So excited to participate. Couldn't do it last year so I'm thrilled I get to this year. Also just in time for all the new 2.0 decor options. If anyone wants to dm me their wishlist feel free to do that so I can hopefully get a few items on there to wrap up


----------



## ChocoPie22 (Nov 30, 2021)

I would like to join this too!! It sounds so fun!


----------



## Sasey (Dec 13, 2021)

Just bumping this so I can find it easier! Excited for this!


----------



## Bluelady (Dec 16, 2021)

I have the following diys if anyone still needs them:

x3 illuminated presents
x3 ornament crown
x3 ornament garland
x1 festive top set


----------



## meo (Dec 17, 2021)

*The event is officially open today, December 17th, to December 24th!  You can post your forms starting today.*

Unfortunately I may not get to participate this year as I've had to make some very major life choices in a really small timeframe. I'm hoping I'll have internet access up to get to connect with you all next week, but it may take a while to get set up worse case scenario. 
I want to wish everyone a very happy holiday season and amazing things for us all in the coming new year. I will still be able to phone access if anyone has any questions or issues, I will do my best to help however I can. <3 I can't wait to see everyone's end event photos.


----------



## Roxxy (Dec 17, 2021)

Edit: I am sorry, I just can’t do this year. Hopefully next year  I will be able to participate. 

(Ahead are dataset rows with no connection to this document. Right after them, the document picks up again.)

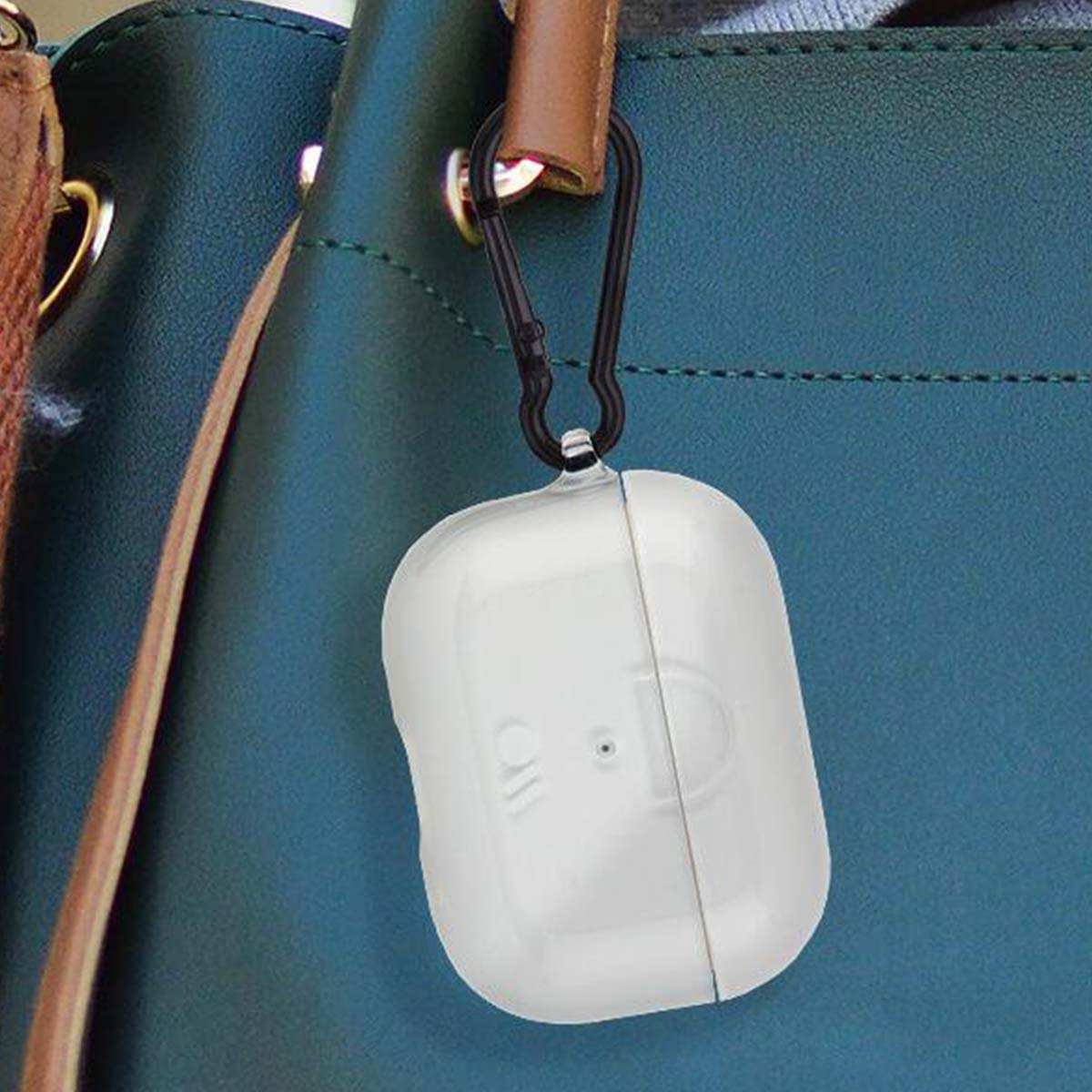 Custodia bianca per AirPods attaccata a un moschettone nero, appesa a un cinturino di una borsa verde acqua.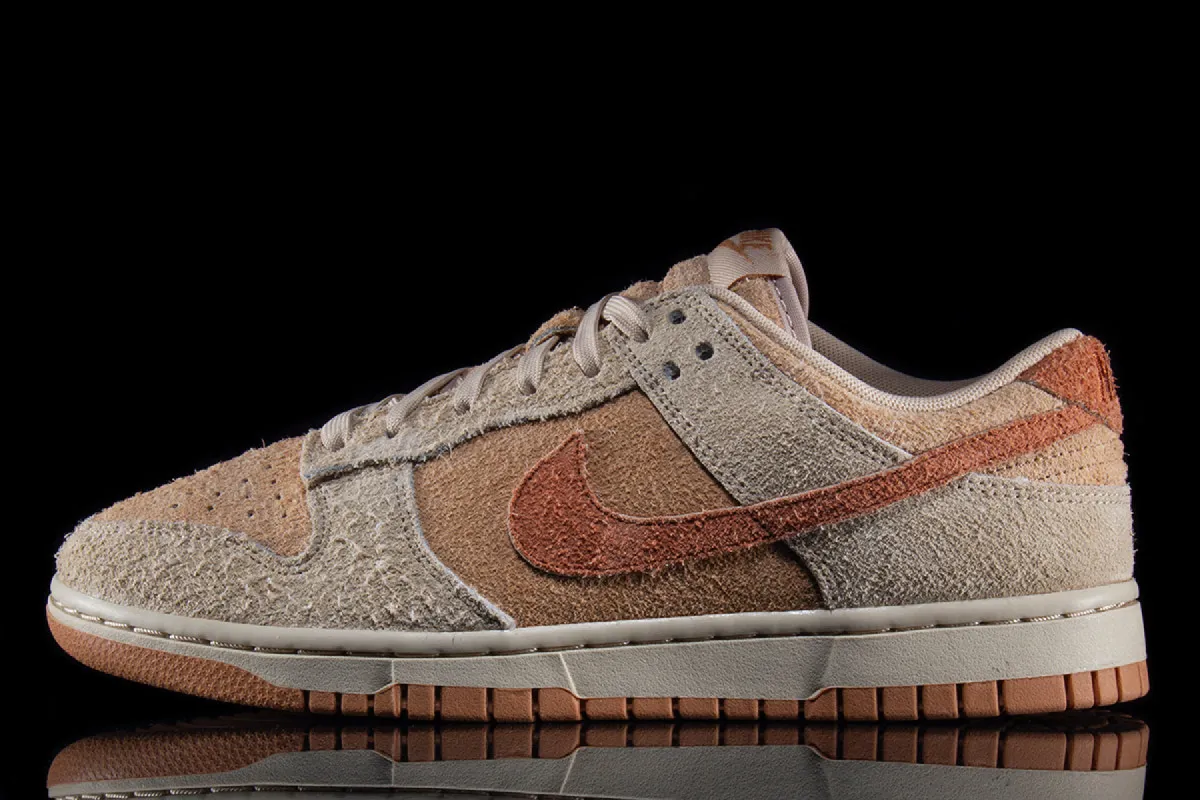 Women's Dunk Low sold by Premier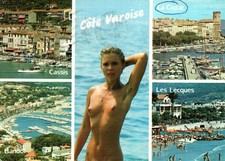 Femme seins nus sur la côte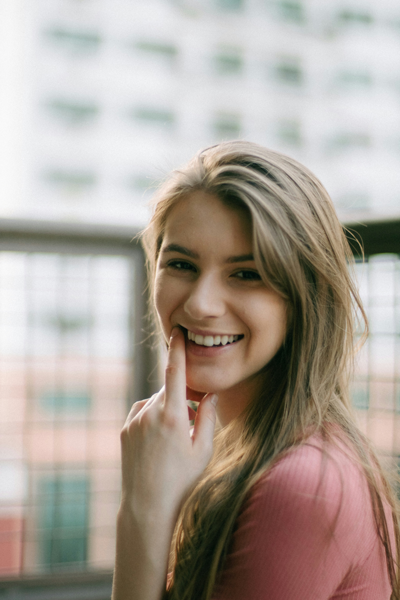 Smiling female gum disease patient in Brookville, OH points to gum line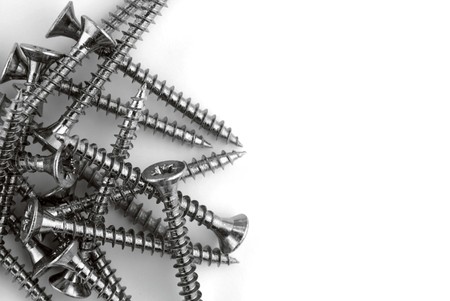 Close-up of crosshead screws on white backgroundの写真素材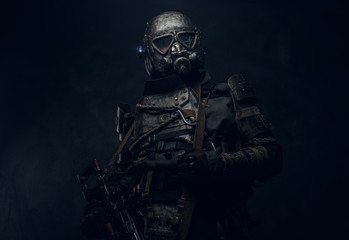 Cool cosplay costume of post - apocalypse knight, man is posing at dark photo studio.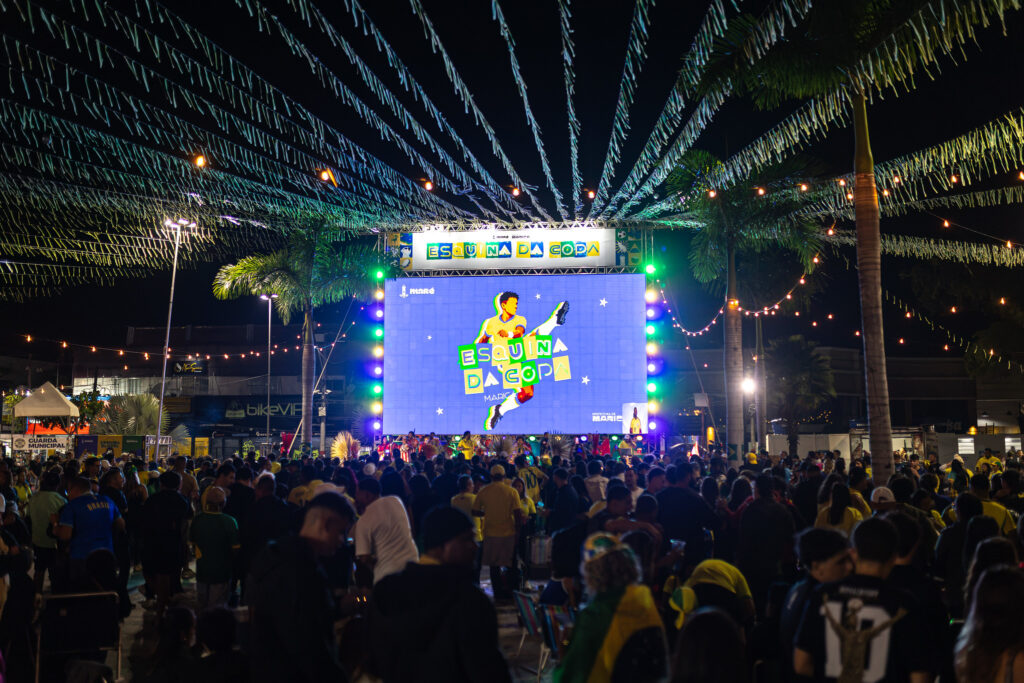Torcedores assistem a jogo da Copa do Mundo em telão ao ar livre em Maricá, com bandeiras do Brasil.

Hope you all have a wonderful Christmas


----------



## MeganPenguin (Dec 17, 2021)

Character Name: Megan
Town: Pingo
Availability: Typically 10am-10pm (UK Timezone) Just PM me x
Current number of Santas (update the number as you go): 5
Festive area photo (optional): Will hopefully upload later on <3


----------



## Bluelady (Dec 17, 2021)

Status:* Offline*

Character Name: *Celeste*
Town: *Calatia*
Availability: *9 am-11:59 am, 9 pm-1am PST *every day.
I’ll try to get online between breaks as well, but they’re subject to change every day.

Current number of Santas (update the number as you go): 10

Listing my Santas before I forget to credit later. Haha.


Spoiler



ChocoPie22, ivorystar, MeganPenguin, meo, naviwing, Refined, Sasey, Shoutarous, tarepanda3ame, Theoneandonlymegan




Festive area photo (optional):




Please excuse the mess, I haven’t finished organizing my 2.0 clothing and furniture items. Feel free to catalog them when you visit.


----------



## Refined (Dec 17, 2021)

Character Name: *Defined*
Town: *Regal isle*
Availability: *3 pm-9 pm EST *every day.
Current number of Santas (update the number as you go): 9
Festive area photo (optional): if I can figure it out I will asap xD

Looking forward to dropping off presents to as many islands as possible


----------



## Sasey (Dec 18, 2021)

Character Name: Sasey
Town: Schellwood
Availability: Most days and early evenings (CST)
Current number of Santas (update the number as you go): 7
Festive area photo (optional):


----------



## Theoneandonlymegan (Dec 19, 2021)

Character Name: Megan
Town: Blue Grove
Availability: On and off between 10 am and 10 pm (MST)
Current number of Santas (update the number as you go): 2


----------



## ChocoPie22 (Dec 20, 2021)

Status: OFFLINE
Character Name: Choco
Town: Chiokera
Availability: 10 A.M - 10 P.M PST (on and off)
Current number of Santas (update the number as you go): 6


Spoiler: Santas



Refined
BlueLady
tarepanda3ame
naviwing
Shoutarous
ivorystar


Festive area photo (optional): Will post later


----------



## meo (Dec 21, 2021)

I'll have internet for today lol <3

Character Name: Meo
Town: Nishikigoi
Availability: Offline
Current number of Santas (update the number as you go): 7


----------



## tarepanda3ame (Dec 21, 2021)

Character Name: Mayflower3
Town: Disnytopia
Availability: on & off most days 11am to 2am PST
Status: *OFFLINE*
Current number of Santas (update the number as you go): 8 


Spoiler: Santas



* meo
* Refined
* Sasey
* Sara?
* Theoneandonlymegan
* ChocoPie22
* Bluelady
* MeganPenguin


Festive area photo (optional):


----------



## Sara? (Dec 21, 2021)

Bluelady said:


> I have the following diys if anyone still needs them:
> 
> x3 illuminated presents
> x3 ornament crown
> ...


Hii there !
Could i exchange maybe materials, nook miles or bells for an ornament garland ?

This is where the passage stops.